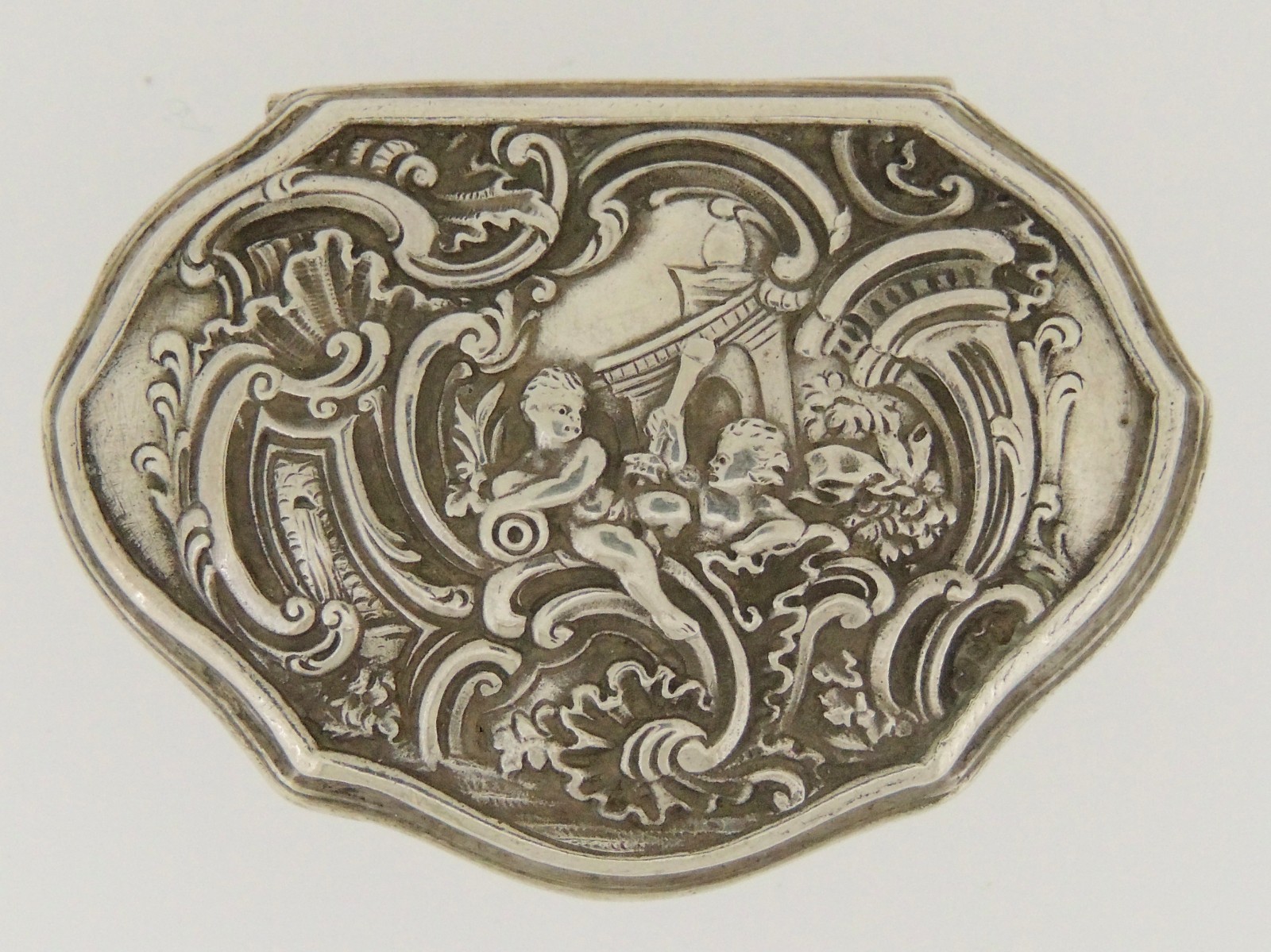 Baroque Style 800 Silver Pill Box – Dutch or German – Silber snuff patch.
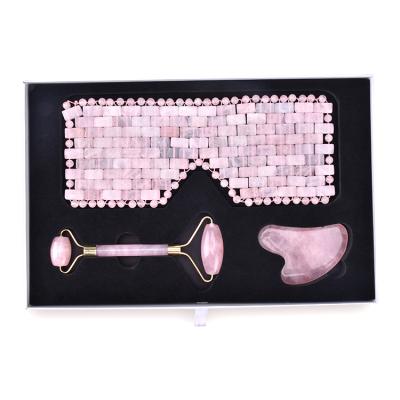 China Hot Sale Nourishing Natural Rose Quartz Roller Gua Sha and Jade Stone Rose Quartz Sleep Eye Mask On Airplane Use for sale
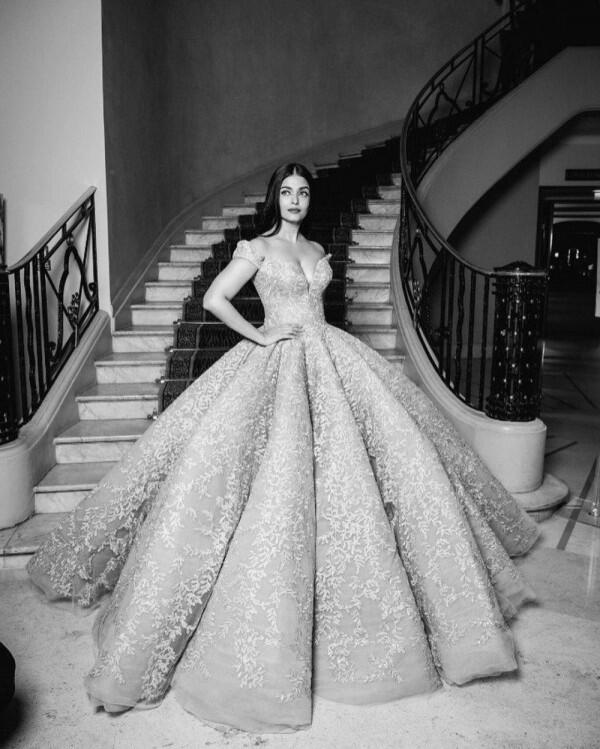 Rayakan Ultah ke-46 di Roma, 10 Momen Mesra Aishwarya Rai & Abhishek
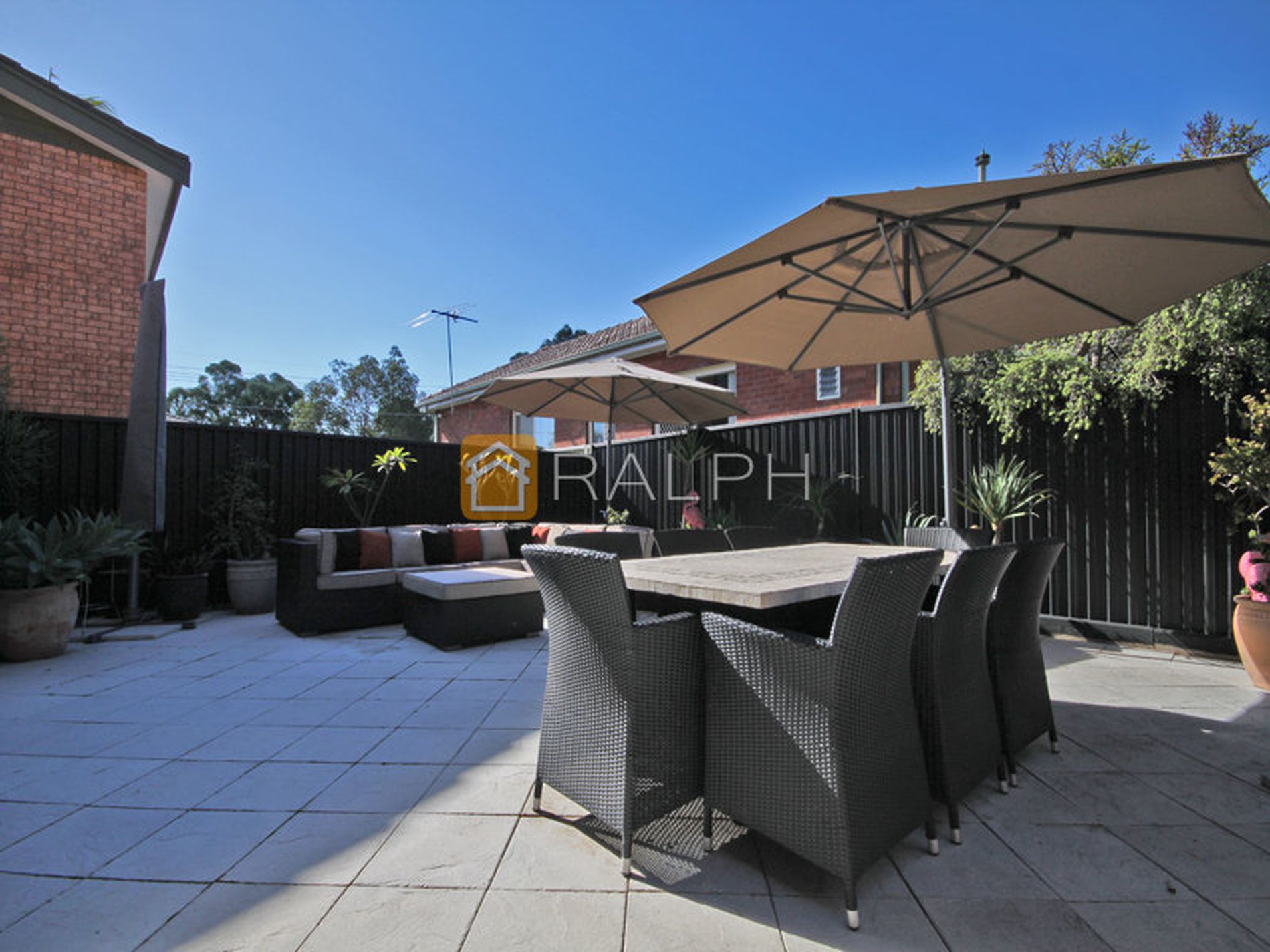 2 / 18 Chiswick Street, Greenacre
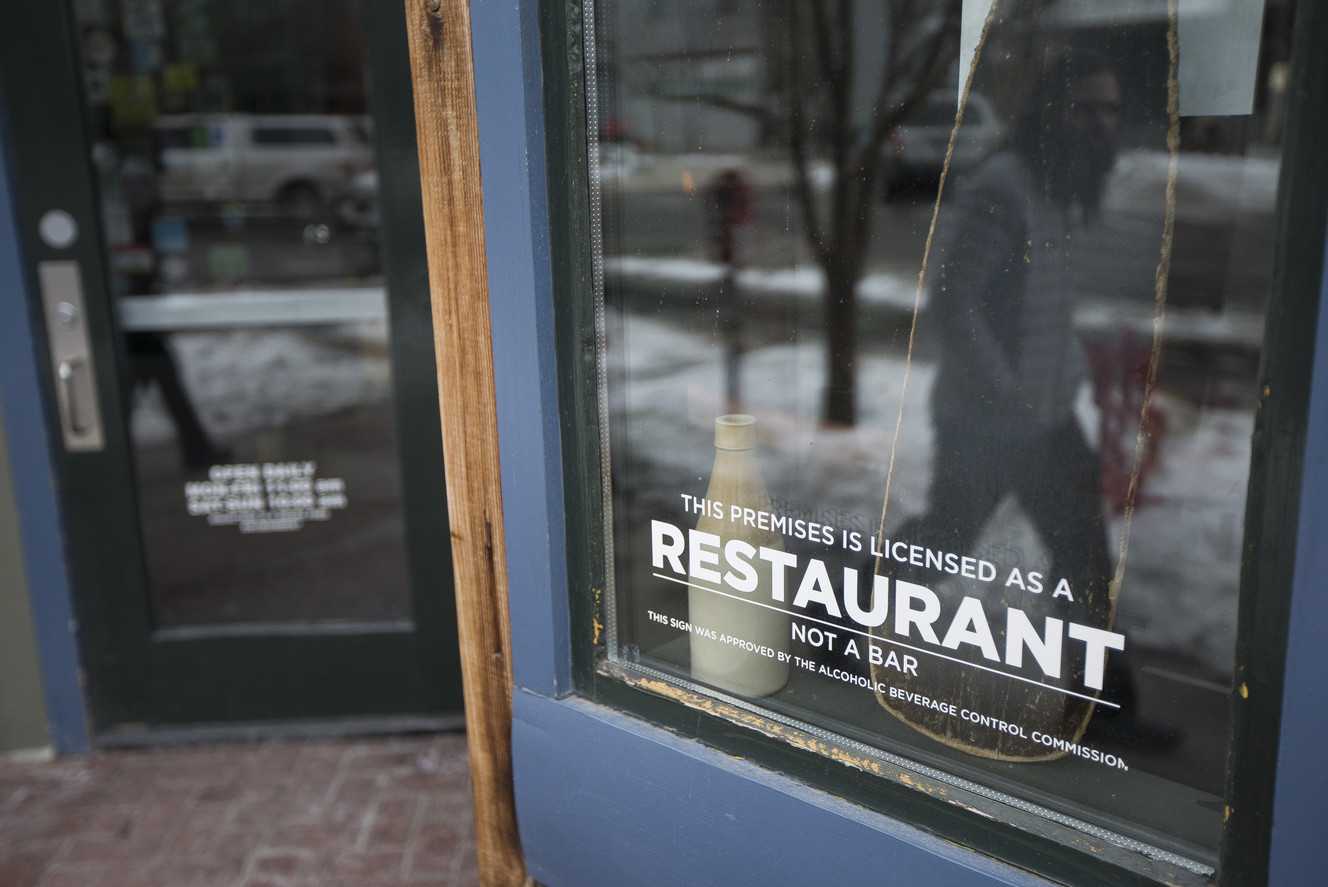 Utah House committee endorses bill to remove 'This is a restaurant' signs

# Problem to work on
Would you set down the records exactly, with no pictures included?

# Solution
 Baroque Style 800 Silver Pill Box – Dutch or German – Silber snuff patch.
 China Hot Sale Nourishing Natural Rose Quartz Roller Gua Sha and Jade Stone Rose Quartz Sleep Eye Mask On Airplane Use for sale
 Rayakan Ultah ke-46 di Roma, 10 Momen Mesra Aishwarya Rai & Abhishek
 2 / 18 Chiswick Street, Greenacre
 Utah House committee endorses bill to remove 'This is a restaurant' signs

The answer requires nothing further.